(Supplied information begins)

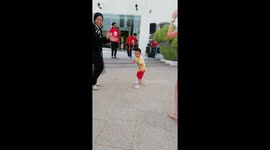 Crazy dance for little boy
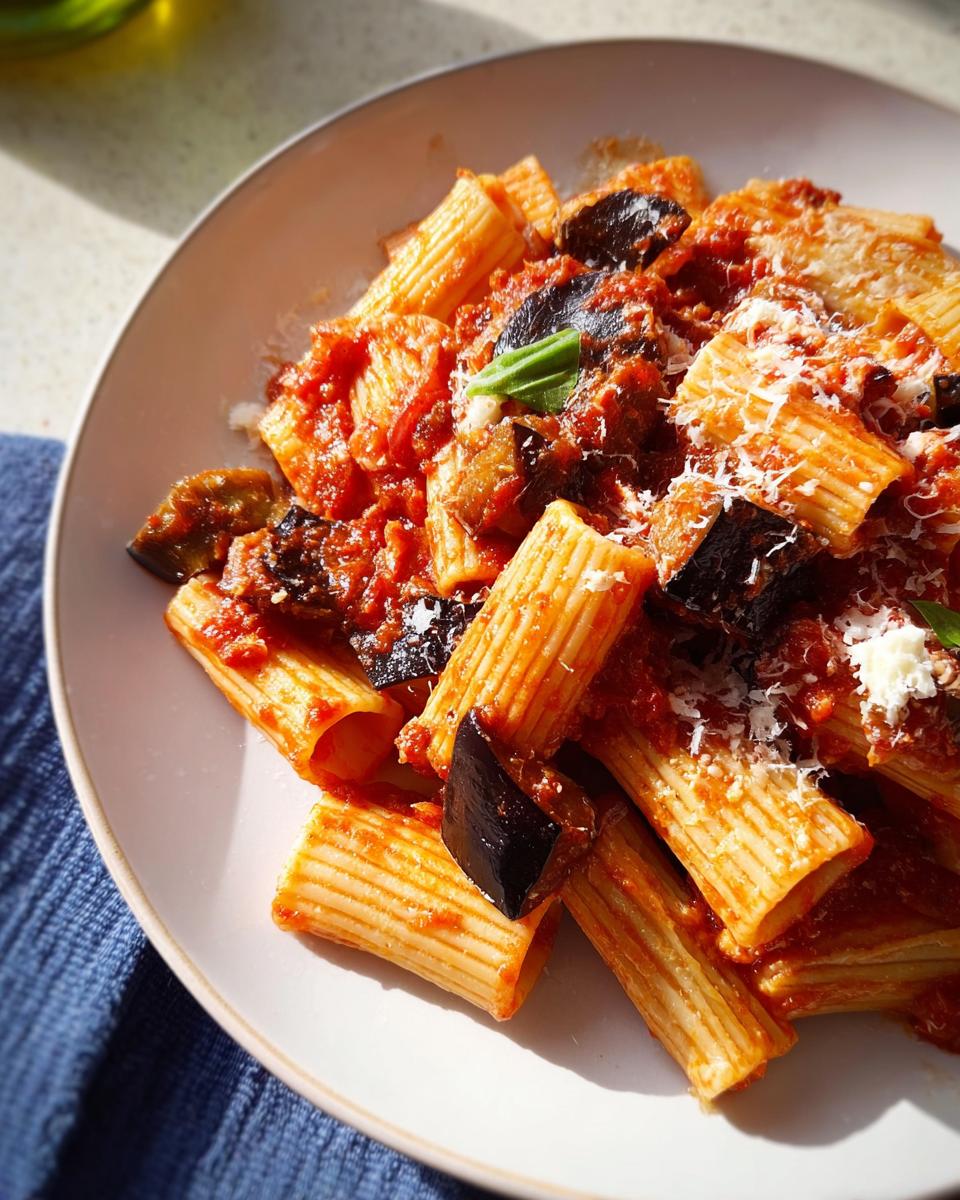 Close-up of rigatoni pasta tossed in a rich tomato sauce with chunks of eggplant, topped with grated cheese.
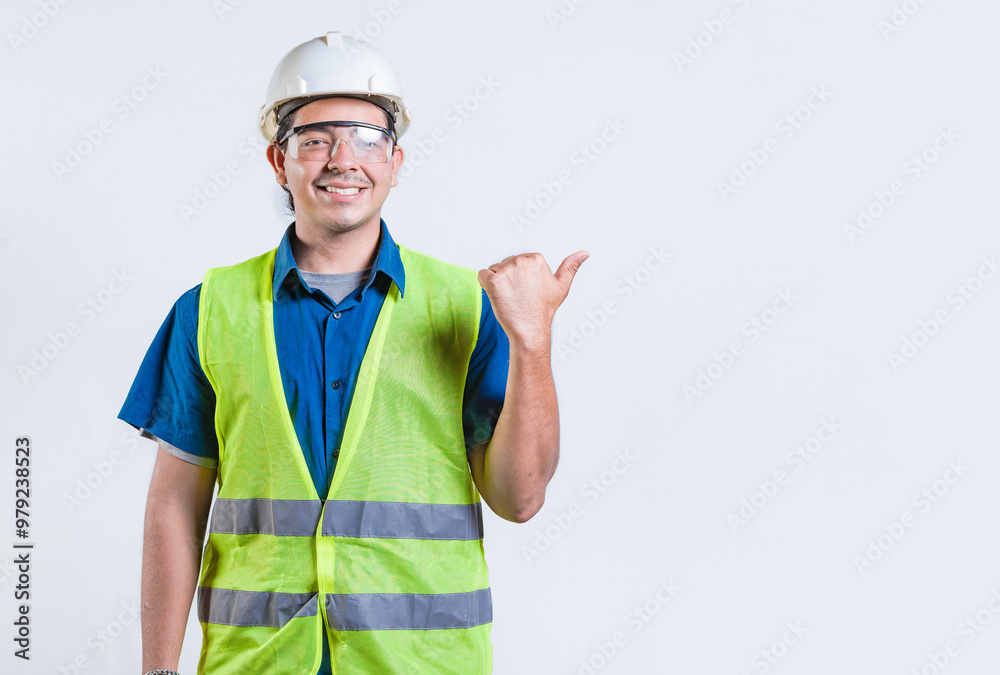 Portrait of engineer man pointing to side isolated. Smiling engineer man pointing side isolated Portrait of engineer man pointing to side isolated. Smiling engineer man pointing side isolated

(Supplied information ends)
(Supplied information begins)

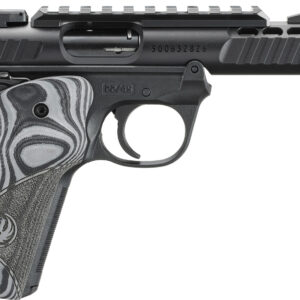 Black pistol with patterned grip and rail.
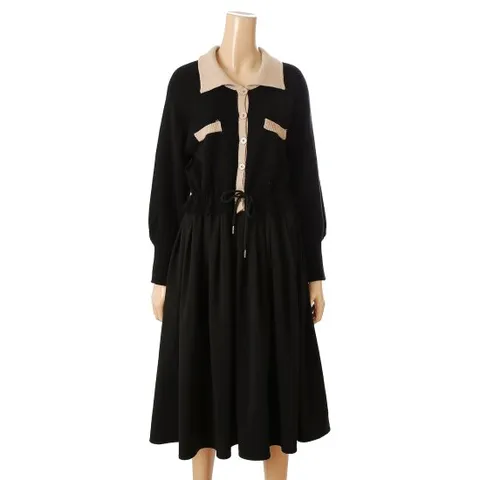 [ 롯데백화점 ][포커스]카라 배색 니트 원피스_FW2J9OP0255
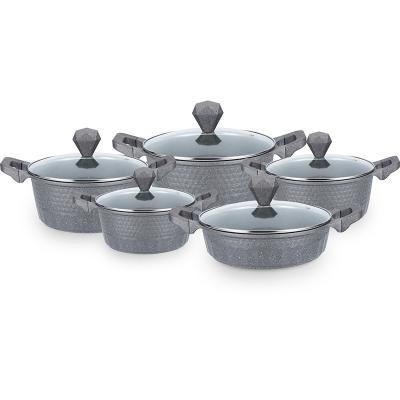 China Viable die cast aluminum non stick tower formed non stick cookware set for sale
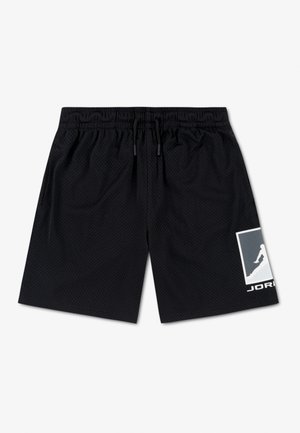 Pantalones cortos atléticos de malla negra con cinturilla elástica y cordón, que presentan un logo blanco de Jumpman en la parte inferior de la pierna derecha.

(Supplied information ends)

__Task item__
In the records above, copy exactly everything from the line that has "Crazy dance for little boy" down to the line that has "side isolated Portrait", both ends included, and leave out the pictures.

__Exercise solution__
 Crazy dance for little boy
 Close-up of rigatoni pasta tossed in a rich tomato sauce with chunks of eggplant, topped with grated cheese.
 Portrait of engineer man pointing to side isolated. Smiling engineer man pointing side isolated Portrait of engineer man pointing to side isolated. Smiling engineer man pointing side isolated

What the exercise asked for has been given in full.